# Work task
Every entry must reappear in your answer exactly as written, though its pictures must not.

# Study material
---
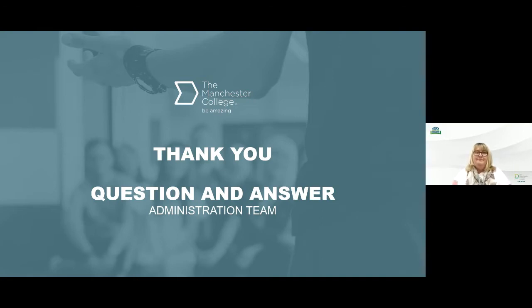Thanks for that, Paula. We did have a few technical issues just at the beginning and we've just had a question from someone asking how does my daughter enrol onto the course she's been accepted onto. Obviously you have just covered that — I just wondered if you could start from the very beginning of the process and talk through where they go to enrol onto that course, just that beginning bit.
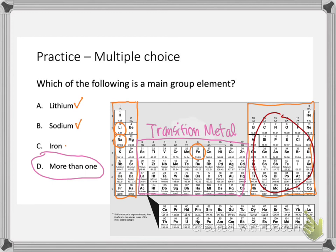That's an overview of labeling the periodic table. As a recap: periods are rows and groups are columns. Know where the main group elements, transition elements, and inner transition elements are on the periodic table. Know the four groups that have their own names: alkali metals, alkaline earth metals, halogens, and noble gases. If you have any questions as you progress through the course or chapter, please let me know. Thank you.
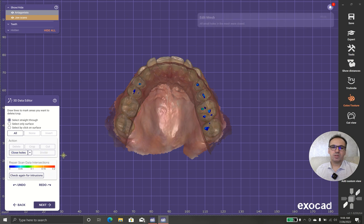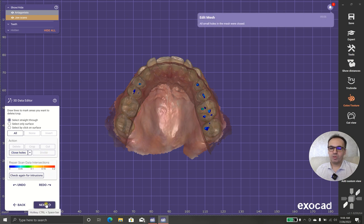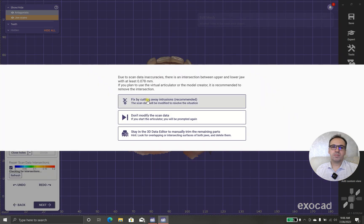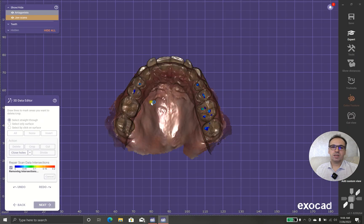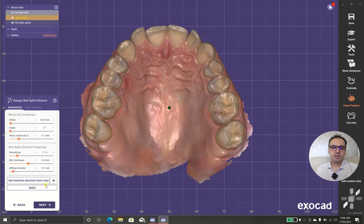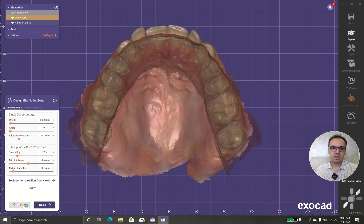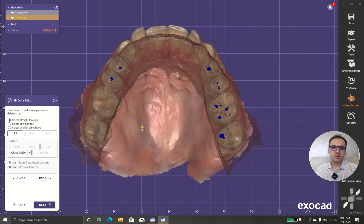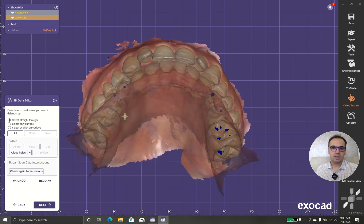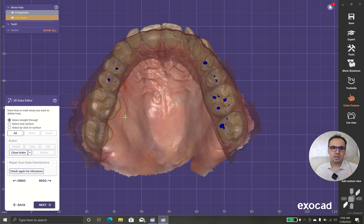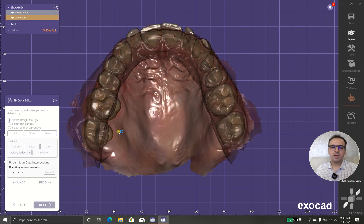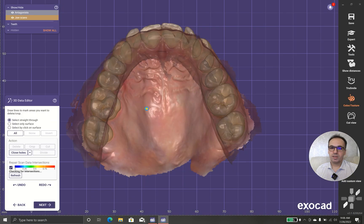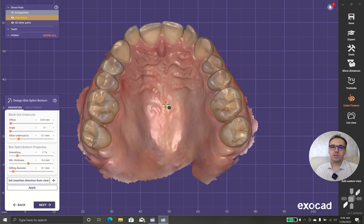We should close holes. Maybe in the scan we have some small holes, so it's better to close them. You can do this or okay. I prefer not to touch, don't modify scan, choose this one.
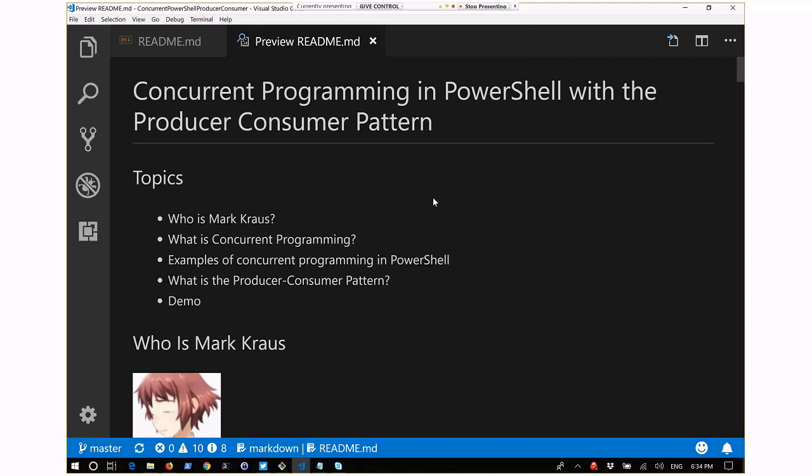Welcome everybody to the September 2018 Mississippi PowerShell user group meeting. Tonight we've got Mark Krause, who's presenting on concurrent programming in PowerShell with a producer-consumer pattern.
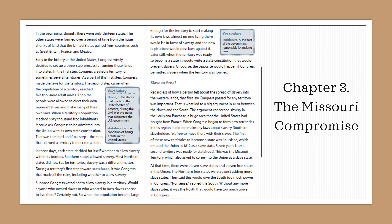In the beginning there were only 13 states. The other states were formed over time from large chunks of land the United States gained from countries such as Great Britain, France, and Mexico. In the early history of the United States, Congress set up a three-step process for turning those lands into states. In the first step, Congress created a territory and made laws for it. The second step came when the territory's population reached 5,000 adult males — then people could elect their own representatives and make many of their own laws. When a territory's population reached 60,000 free inhabitants, it could ask Congress to be admitted into the union with its own state constitution.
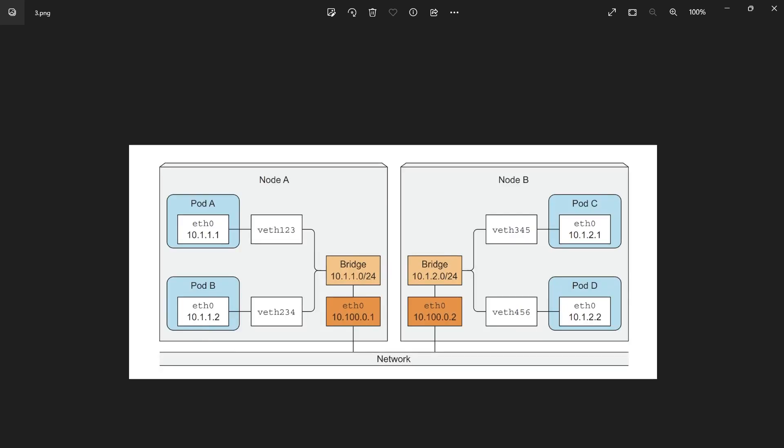But if they are in two different nodes, so this bridge needs to communicate with each other. Actually, it's kind of the same. For example, node A is connected to the bridge and node B is connected to the bridge too. But the important part here, they need to be in separate network IPs. So for example, here it's connected to 10.1.1, but the other one is connected to 10.1.2. So they can see each other.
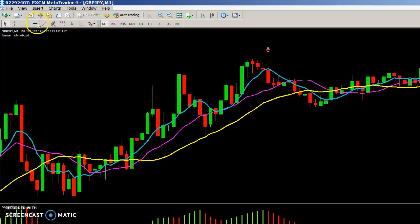Hey, what's going on folks, John here. I'm just going to explain briefly about how to install your MT4 indicators. You just need to install any MetaTrader 4 software, such as FXCM — there are several free ones out there.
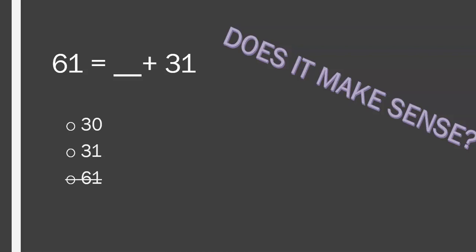And the last answer choice. 92. Is 92 lesser or greater than 61? It's greater. So, because we know that it's greater, it's already over the amount that we need to equal. So, there's no way possible that adding anything to 92 is going to equal 61 because it's already bigger than the number that we want to end up with. It's already greater. So, let's go ahead and cross that out.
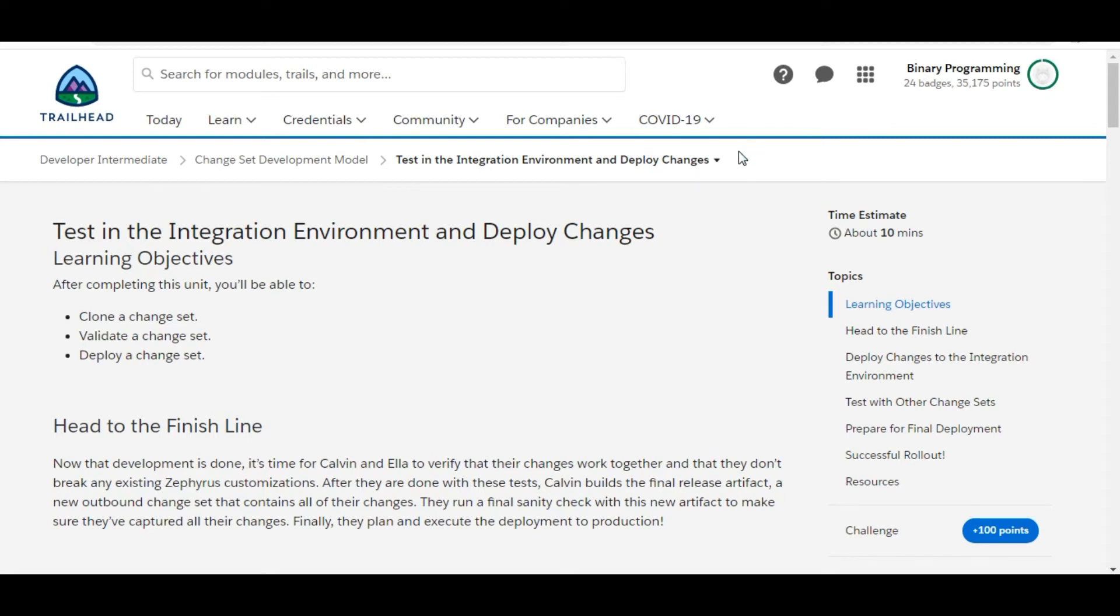Hello all, welcome to Binary Programming. In this video we will solve the third challenge of Change Set Development Module of Developer Intermediate. The name of the challenge is Test in the Integration Environment and Deploy Changes. Let's move to the challenge.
---
# The completed task
Thanks for that, Paula. We did have a few technical issues just at the beginning and we've just had a question from someone asking how does my daughter enrol onto the course she's been accepted onto. Obviously you have just covered that — I just wondered if you could start from the very beginning of the process and talk through where they go to enrol onto that course, just that beginning bit.
That's an overview of labeling the periodic table. As a recap: periods are rows and groups are columns. Know where the main group elements, transition elements, and inner transition elements are on the periodic table. Know the four groups that have their own names: alkali metals, alkaline earth metals, halogens, and noble gases. If you have any questions as you progress through the course or chapter, please let me know. Thank you.
We should close holes. Maybe in the scan we have some small holes, so it's better to close them. You can do this or okay. I prefer not to touch, don't modify scan, choose this one.
Welcome everybody to the September 2018 Mississippi PowerShell user group meeting. Tonight we've got Mark Krause, who's presenting on concurrent programming in PowerShell with a producer-consumer pattern.
In the beginning there were only 13 states. The other states were formed over time from large chunks of land the United States gained from countries such as Great Britain, France, and Mexico. In the early history of the United States, Congress set up a three-step process for turning those lands into states. In the first step, Congress created a territory and made laws for it. The second step came when the territory's population reached 5,000 adult males — then people could elect their own representatives and make many of their own laws. When a territory's population reached 60,000 free inhabitants, it could ask Congress to be admitted into the union with its own state constitution.
But if they are in two different nodes, so this bridge needs to communicate with each other. Actually, it's kind of the same. For example, node A is connected to the bridge and node B is connected to the bridge too. But the important part here, they need to be in separate network IPs. So for example, here it's connected to 10.1.1, but the other one is connected to 10.1.2. So they can see each other.
Hey, what's going on folks, John here. I'm just going to explain briefly about how to install your MT4 indicators. You just need to install any MetaTrader 4 software, such as FXCM — there are several free ones out there.
And the last answer choice. 92. Is 92 lesser or greater than 61? It's greater. So, because we know that it's greater, it's already over the amount that we need to equal. So, there's no way possible that adding anything to 92 is going to equal 61 because it's already bigger than the number that we want to end up with. It's already greater. So, let's go ahead and cross that out.
Hello all, welcome to Binary Programming. In this video we will solve the third challenge of Change Set Development Module of Developer Intermediate. The name of the challenge is Test in the Integration Environment and Deploy Changes. Let's move to the challenge.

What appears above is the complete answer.